SHAMELESS: How can fans advocate for these changes?
JANEY: Buy music, buy merch and show up. Seriously - if you want great bands to keep playing music, back them and they’ll continue doing it! Fans are what keep music going, so don’t be shy about supporting - musicians already dealing with oppression are likely to be doubting their ability to even do this, so give them the confidence and support they need to keep going and in turn this will open more doors and platforms.
ANYA: Get involved with political activism too. It’s all connected.
LUCY: Yes, putting their money and love and attention behind DIY and small scale venues, nights and ventures. We all know how much smaller venues are closing at an alarming rate and part of it is that fans money is getting sucked by bigger promoters and places. Sharing alternative music press and blogs and zines would also be a good one.
SHAMELESS: Your use of social media to promote your ideals is very inspiring! How has social media impacted your ability to create movement?
JANEY: Thank you, I manage our social media and it’s becoming something of an addiction. Social media is the best way to spread a message far and wide, and encourage other people to share it too. We’ve attracted fans across the world through social media, made friends online with designers, photographers, journalists and filmmakers who want to work with us - it’s an incredible platform.

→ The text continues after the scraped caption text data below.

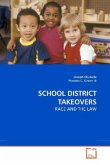 SCHOOL DISTRICT TAKEOVERS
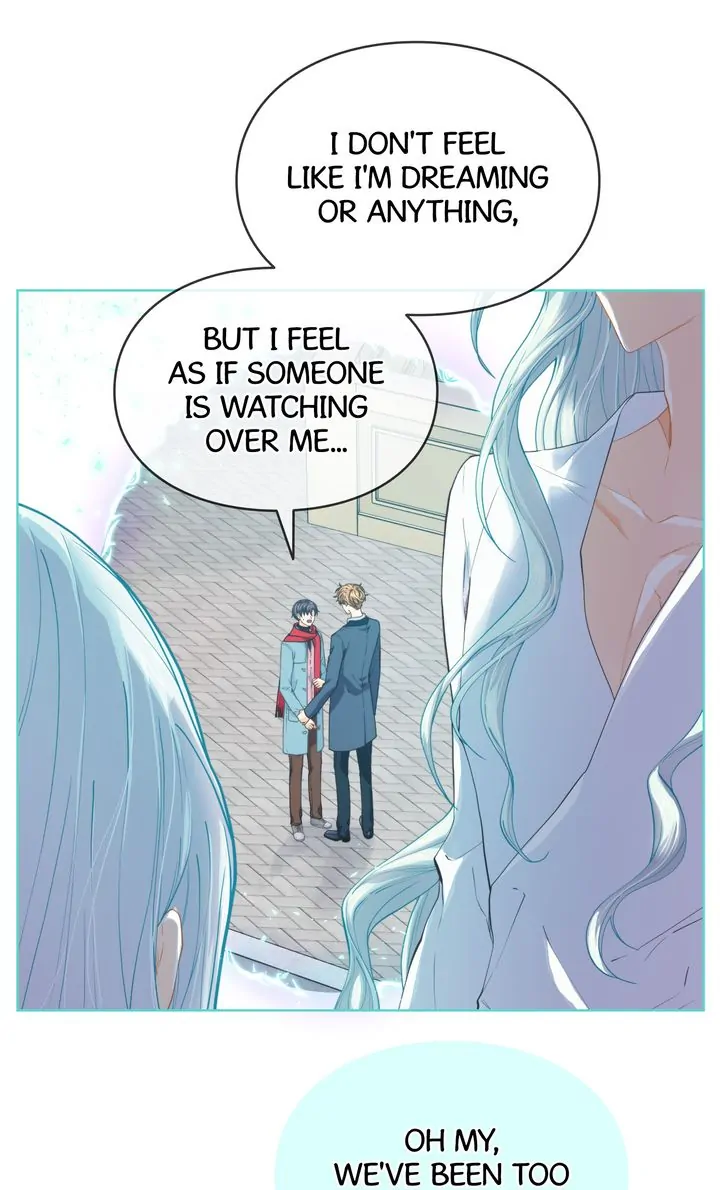 The Novelist and His Neighbor - S2 Episode 83 manhwa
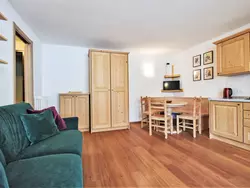 Bild zur gratis inserierten Ferienwohnung Giglio Apartment.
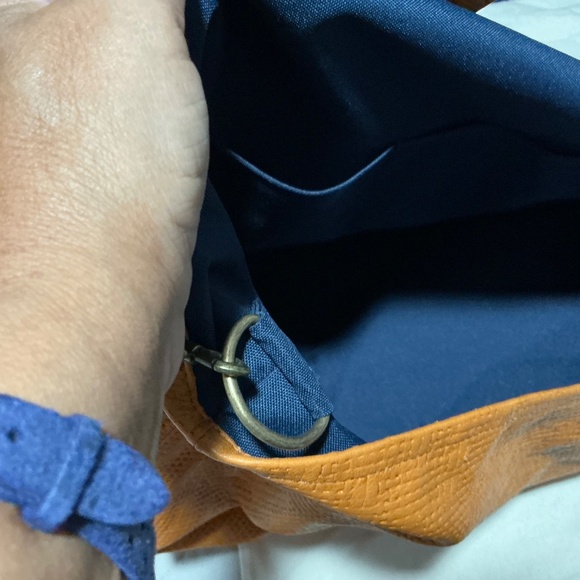 Parker Thatch XL Woven Jane Beautiful PT Tote - Picture 4 of 4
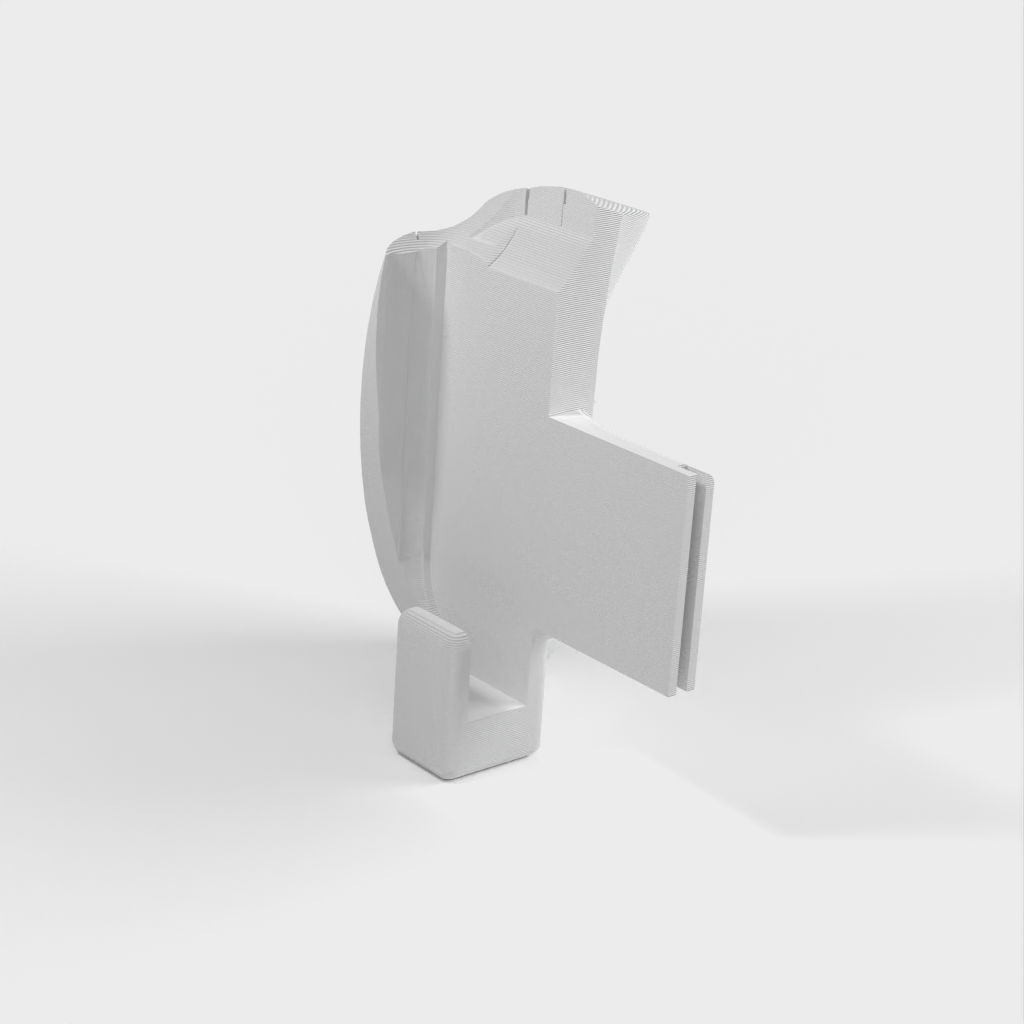 Nintendo Switch Comfort Grip (OLED-Version)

SHAMELESS: I’d like to address your series on Instagram, Chip Advisor! Surely you are receiving offers from major television networks. What inspired you to begin this (frankly genius) series?
JANEY: We’re all vegetarian or vegan, and we all get hungry after shows but usually the only places open are kebab or chicken shops. So we’ve eaten a lot of chips, we’re chip connoisseurs, and one day the pun came into my head. It’s fun, we challenge each other - each episode is done in 1 take, with less than 30 seconds and whatever comes out comes out and goes online!
ANYA: Janey always videos us doing random shit to appease her aforementioned addiction to the socials. Chip Advisor feeds the beast! We’ve done them in Berlin, Belgium, all over the UK and even Glastonbury. And people really seem to love it. They come up to us at gigs at go, “haha, Chip Advisor is the best!” A fan even designed a T-shirt for us which are for sale on our Bandcamp.
LUCY: We take potato based products incredibly seriously, and there is nothing more disappointing than really craving some chips, purchasing them with your precious, hard-earned £1.20, and then then having them not satisfying you for whatever reason! We want to wake the people up to the characteristics of a good chip so that they too can become chip connoisseurs. If you don’t like our music, you will damn well respect our opinions on fried potatoes.
SHAMELESS: Finally, do you have any advice to youth interested in punk?
JANEY: Seek out music and scenes cultivated by people who need to be listened to in broader society. Set up your own shows, live your activism through your music and your music through your activism. Do it - do it yourself, do it together with friends, and do it with people whose voices need to be heard.
ANYA: You can do it. Amazing songs, beautiful songs, life changing songs, have been written with three chords, a bass and a snare drum, and a good idea.
LUCY: Acquire an instrument on the cheap, or hone your wicked voice and songwriting talents and go at your own pace, on your own if you want, for as long as you need. When you’re ready, you will be able to find people and places to cultivate your talent. Do not let anyone make you think you can not be in a band, I promise that you can.